The general public presumes all law enforcement officers are weapons and ammunition experts. In reality, few law enforcement officers are versed on the subject of self-contained small-arms ammunition. The purpose of this article is not to belittle anyone, but rather enlighten those who have an interest in understanding the ambiguous phraseology, or “system,” of naming small arms self-contained cartridges.

The truth of the matter is that the “system” of cartridge terminology and caliber designation of self-contained ammunition is not really a system, but a code, and can only be learned through extensive reading and experience.

Cartridge Types

There are two major self-contained cartridge classifications today: centerfire and rimfire. Centerfire cartridges have a replaceable primer located in the center of the case head. Striking the center of the replaceable primer will fire the cartridge.  Rimfire cartridges have the priming compound distributed around the entire inner diameter of the cartridge’s rim. Striking any point around the rim will fire the cartridge.  Rimfire cartridges of today are the .22 Short, Long, Long Rifle and .22 Magnum types.

Components

There are four component parts of a self-contained cartridge: the cartridge case, the bullet, the propellant powder and the primer. There are literally thousands of types and designs of cartridge cases and bullets with research and design changes still going strong today. The following bullet types are a small sampling of the designs currently available:

· AP – Armor-Piercing
· BALL – Military Jacketed Bullets
· EP – Expanding Point
· FMJ – Full Metal Jacket
· FMJHP – Full Metal Jacket Hollow Point
· GDHP – Gold Dot Hollow Point
· HP – Hollow Point
· HSP – Hollow Soft Point
· JFP – Jacketed Flat Point
· JHP – Jacketed Hollow Point
· JSP – Jacketed Soft Point
· LRN – Lead Round Nose
· LSWC – Lead Semi-Wad Cutter
· LWC – Lead Wad Cutter
· PG – Partition Gold
· STHP – Silvertip Hollow Point
· SWC – Semi-Wad Cutter
· SWCHP – Semi-Wad Cutter Hollow Point
· SXT – Supreme Expansion Technologic
· TC – Truncated Cone
· WC – Wad Cutter

Primers

There are two classifications of centerfire primers: Boxer and Berdan. The Boxer primer is used in the United States and is completely self-contained with the anvil as part of the primer. The Boxer primer was invented by Col. Edward Boxer of the British Army in 1867 and is preferred by American ammunition manufacturers and reloaders.

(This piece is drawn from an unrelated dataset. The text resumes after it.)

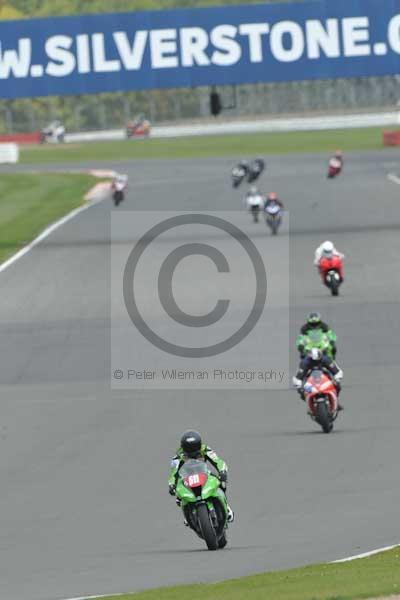 Motorcycle action photographs;Silverstone circuit;Silverstone photographs;Trackday digital images;event digital images;eventdigitalimages;no limits trackday;peter wileman photography;rockingham towcester northamptonshire;trackday;trackday photos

The Berdan primer does not contain an anvil; this function is provided by a small projection in the bottom of the primer pocket. It is also the easiest and cheapest to manufacture. The Berdan primer is used throughout Europe, Asia, and England and was invented by Col. Hiram Berdan of the United States Army in 1866.

Gunpowder

There are also two types of gunpowder: black powder and smokeless. Black powder is the original propellant and was developed in China as early as 700 AD. Black powder is a mechanical mixture of potassium nitrate (saltpeter), charcoal, and sulfur. Various proportions have been used, but a 75-15-10 mixture is standard for modern black powder.

Smokeless powder is a chemical compound based on nitrated cellulose. Smokeless powder is made by the chemical reaction of concentrated nitric and sulfuric acid on cotton or other cellulose fiber. Smokeless powder was developed a little over a hundred years ago and its adaptation as a universal propellant for all types of firearms was somewhat less than that.

Sorting It All Out

It is difficult or impossible for the novice to understand the terminology of self-contained ammunition without some knowledge of how the caliber of a cartridge is designated. The subject of caliber, regrettably, is full of inconsistencies and confusion. With the majority of American, British, or European cartridges, the caliber is the first figure given; however, there are exceptions to this rule. Caliber may be given in terms of bullet or bore diameter – inches in America and millimeters in Europe. Bore diameter may be characterized either by land or groove diameter, but neither is accurate, nor consistent.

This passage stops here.